James Harris

No. 44
- Position:: Linebacker, fullback

Personal information
- Born:: June 2, 1982 (age 43) Albany, Georgia, U.S.
- Height:: 6 ft 1 in (1.85 m)
- Weight:: 260 lb (118 kg)

Career information
- High school:: Thomson (Thomson, Georgia)
- College:: Albany State
- NFL draft:: 2006: undrafted

Career history
- South Georgia Wildcats (2006–2008); Bossier-Shreveport Battle Wings (2009); Albany Panthers (2010); New Orleans VooDoo (2011);

Career highlights and awards
- American Conference All-af2 First Team (2008);

Career Arena League statistics
- Tackles:: 33
- Sacks:: 4.0
- Rushes:: 7
- Yards:: 19
- Touchdowns:: 1
- Stats at ArenaFan.com

= James Harris (linebacker) =

American football player (born 1982)

James Harris (born June 2, 1982) is an American former professional arena football player who was a fullback/linebacker.

==Early life==
The son of Ronnie and Bertha Harris, James attended Thomson High School in Thomson, Georgia, where he lettered twice in two season of football.

==College career==
Harris continued his athletic career at Albany State University, where he lettered three seasons and led the team in tackles and sacks his sophomore, junior and senior seasons.

==Professional career==

===South Georgia Wildcats===
Started professional playing career with the South Georgia Wildcats of AF2 in 2006. He played the 2007 and 2008 season under VooDoo head football coach Derek Stingley. Harris was named to the All-AF2 team in 2008.
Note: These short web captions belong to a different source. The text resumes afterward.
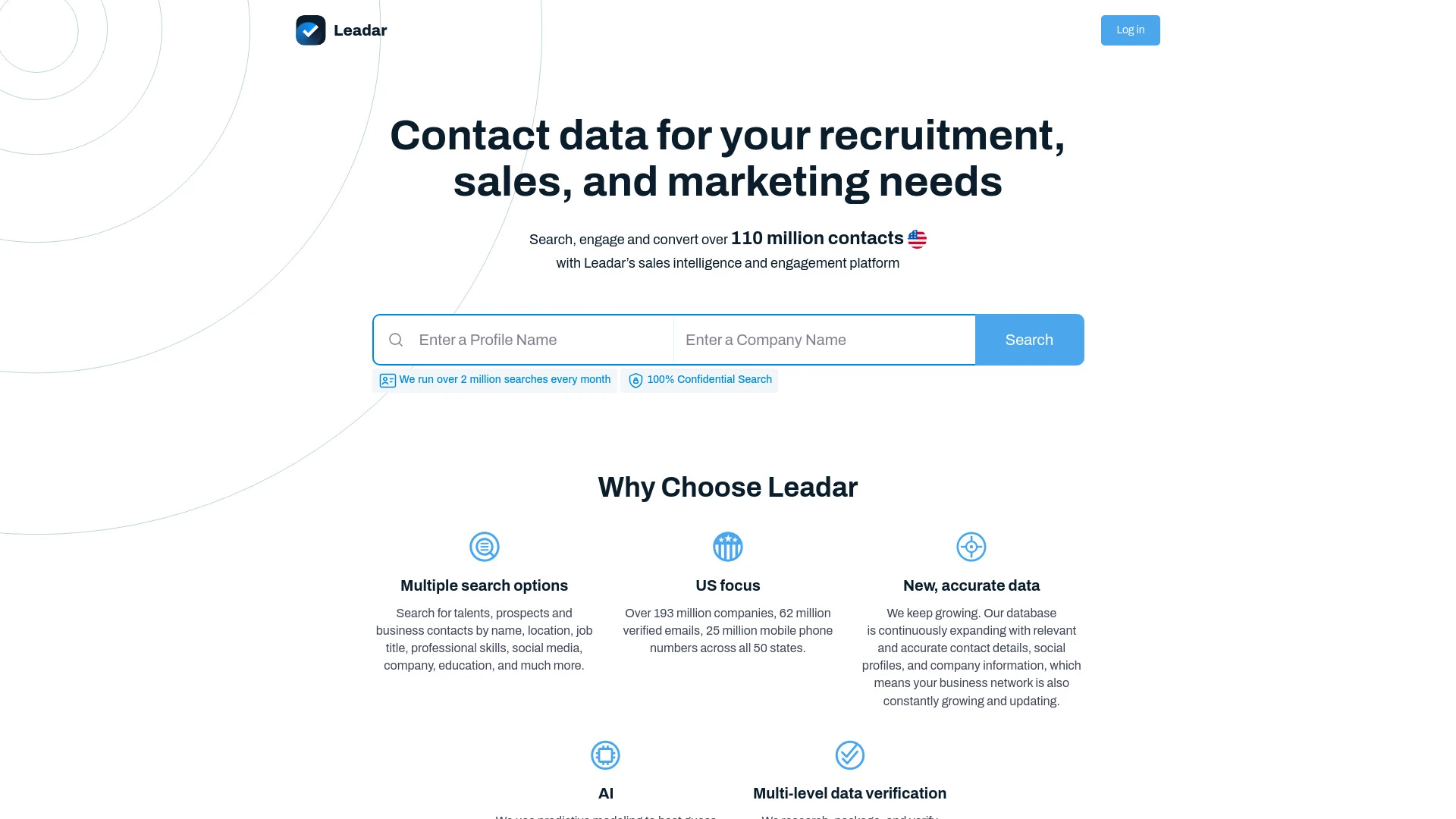 Leadar website preview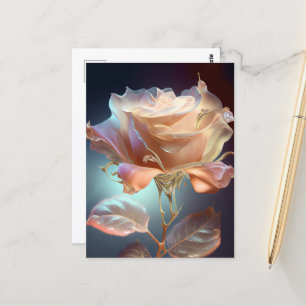 Carte Postale Rose en verre translucide - Pêche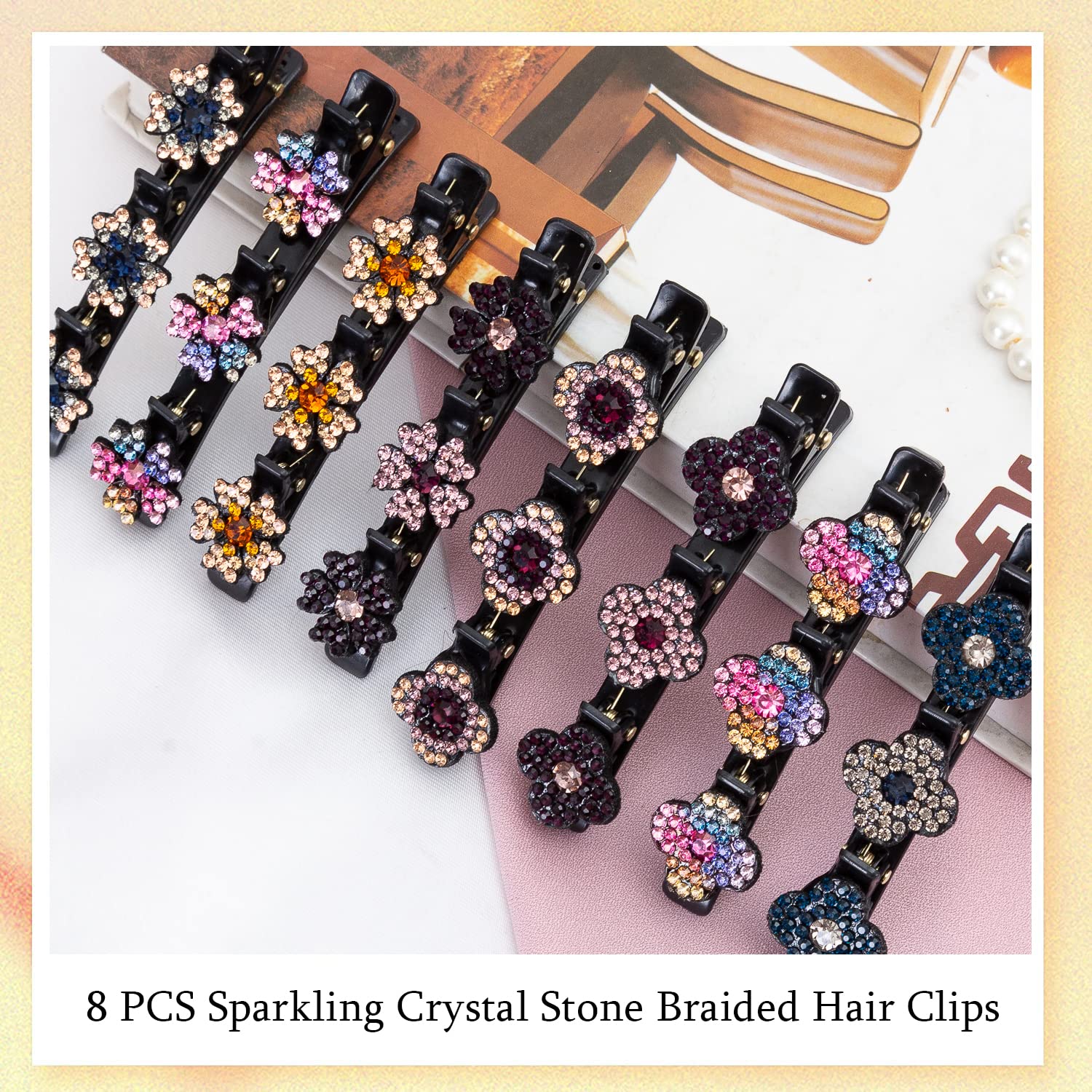 Sparkling Crystal Stone Braided Hair Clover Clips for Thick Thin Hair, Girls / Women Hair Accessories for Styling Sectioning, Large, 8 Pcs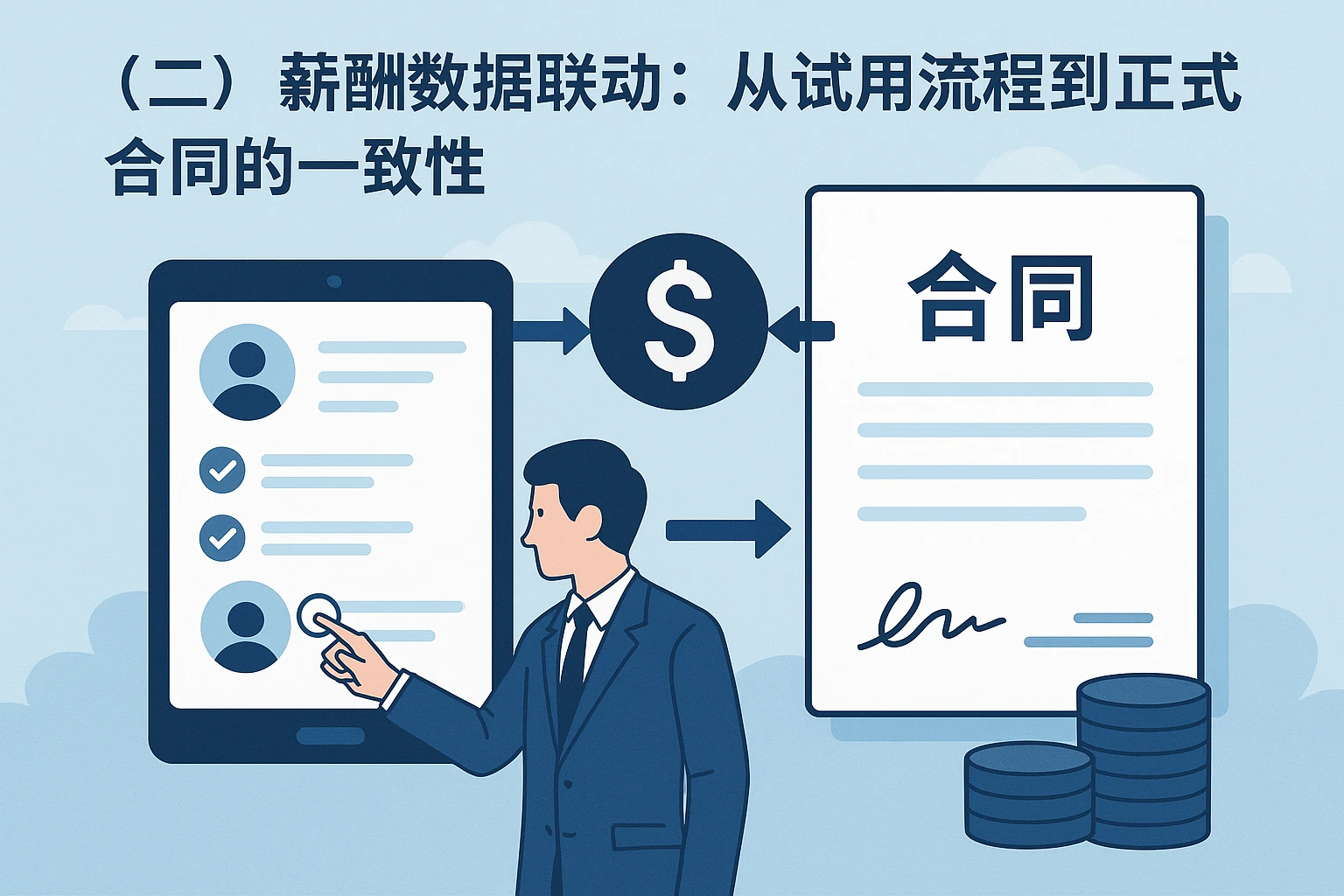 （二）薪酬数据联动：从试用流程到正式合同的一致性
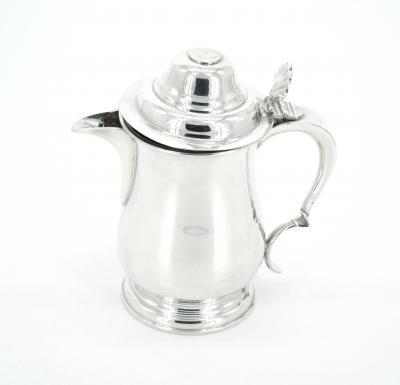 English Queen Anne Silver Plate Covered Footed Tankard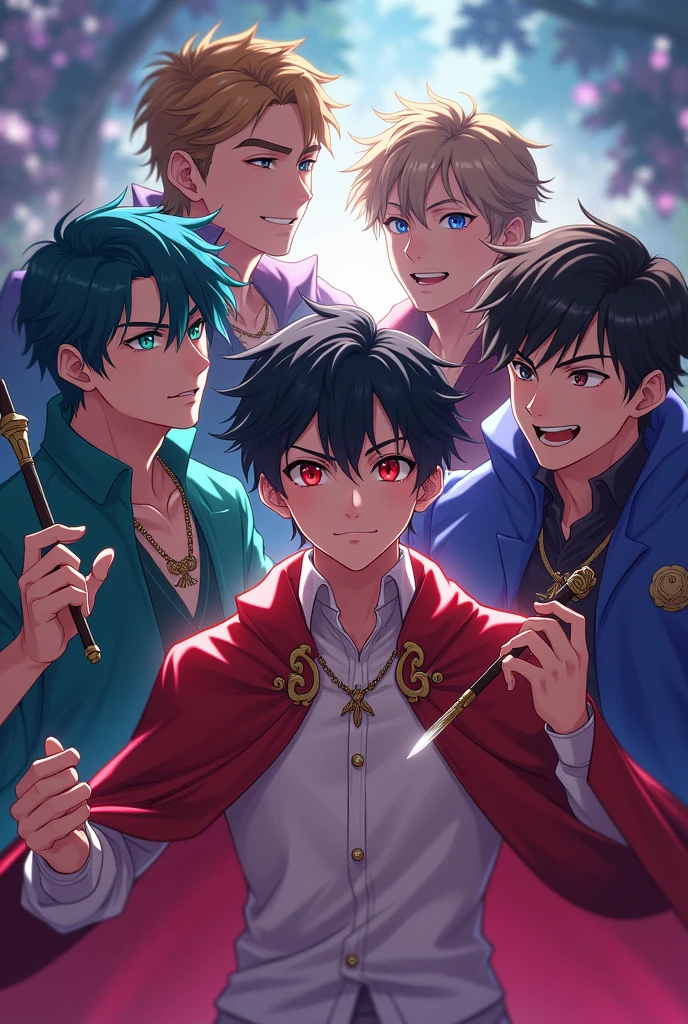Four young men with different personalities surround a sweet-faced young man. They are wearing magic robes. One of them holds a magic wand. Magic. Fantasy. Fantase. The one surrounded has a cute face. One of the people surrounding him has a fierce face. The second has an annoying face. The third has a handsome face. The one with sharp features is somewhat scary. Anime. Magical world. Magical world. Four young male characters surround a single sweet-faced young man with ruby red eyes.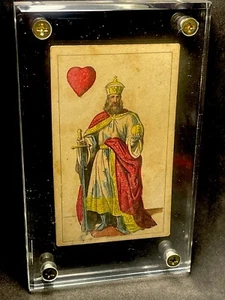 Cartas antiguas de póker alemán individuales de 1830 históricas Georg Pommer Spielkarte - Imagen 1 de 16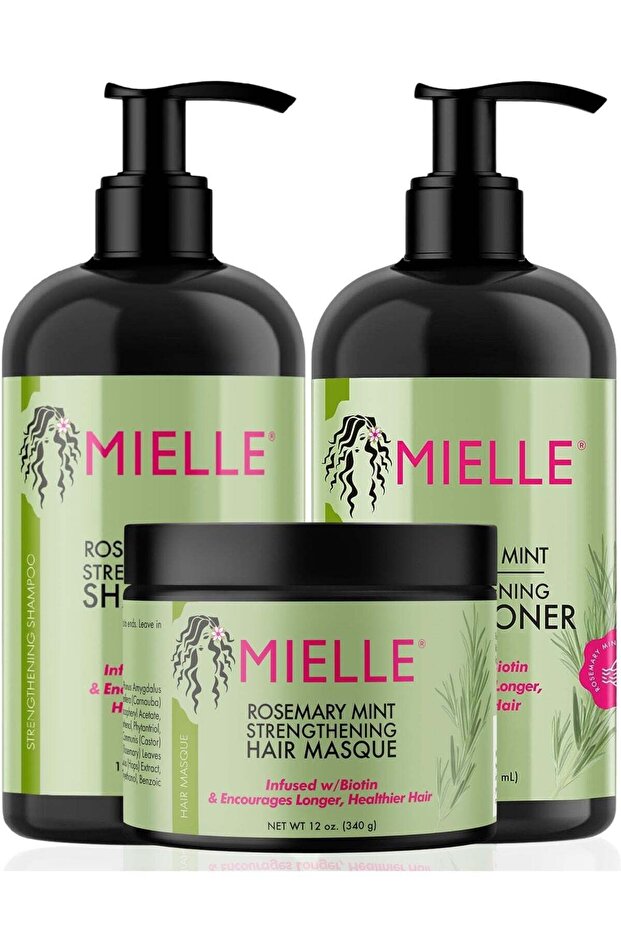 Rosemary Mint Strengthening Set - Shampoo, Conditioner, Hair Mask - Infused With Biotin, Cleanses And Helps Strengthen Weak And Brittle Hair 1050ml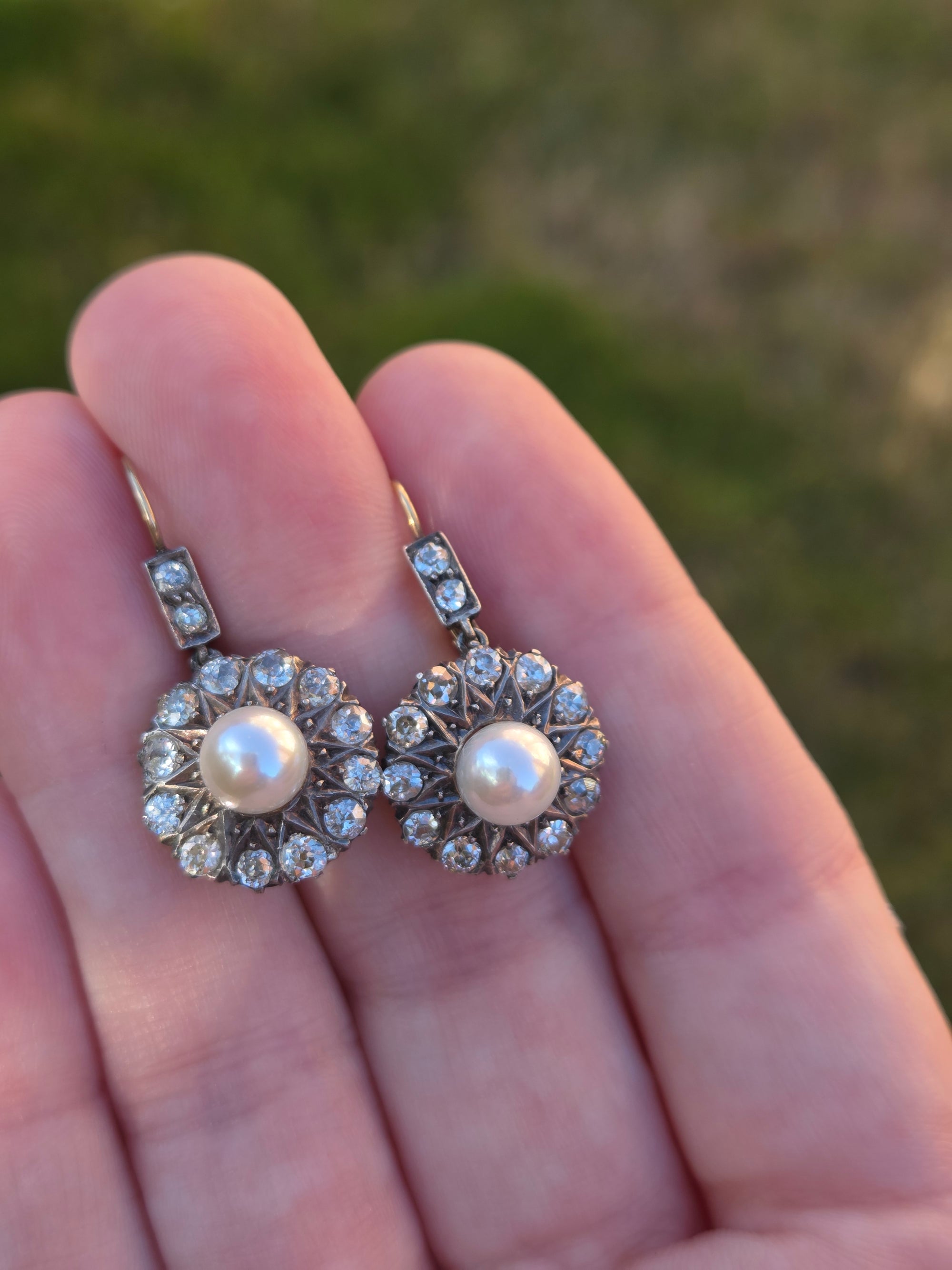 Edwardian Pearl and Old Cut Diamond Dangle Earrings in 18k and Platinum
===Bossier-Shreveport Battle Wings===
In 2009, Harris played with the Bossier-Shreveport Battle Wings, also of AF2.

===Albany Panthers===
Harris spent the 2010 season with the Albany Panthers of the Southern Indoor Football League. In only nine games for the Panthers, he led the team in sacks (6.5) and tackles for a loss (9.0)

===New Orleans VooDoo===
In 2011, Harris signed to play with the New Orleans VooDoo of the Arena Football League.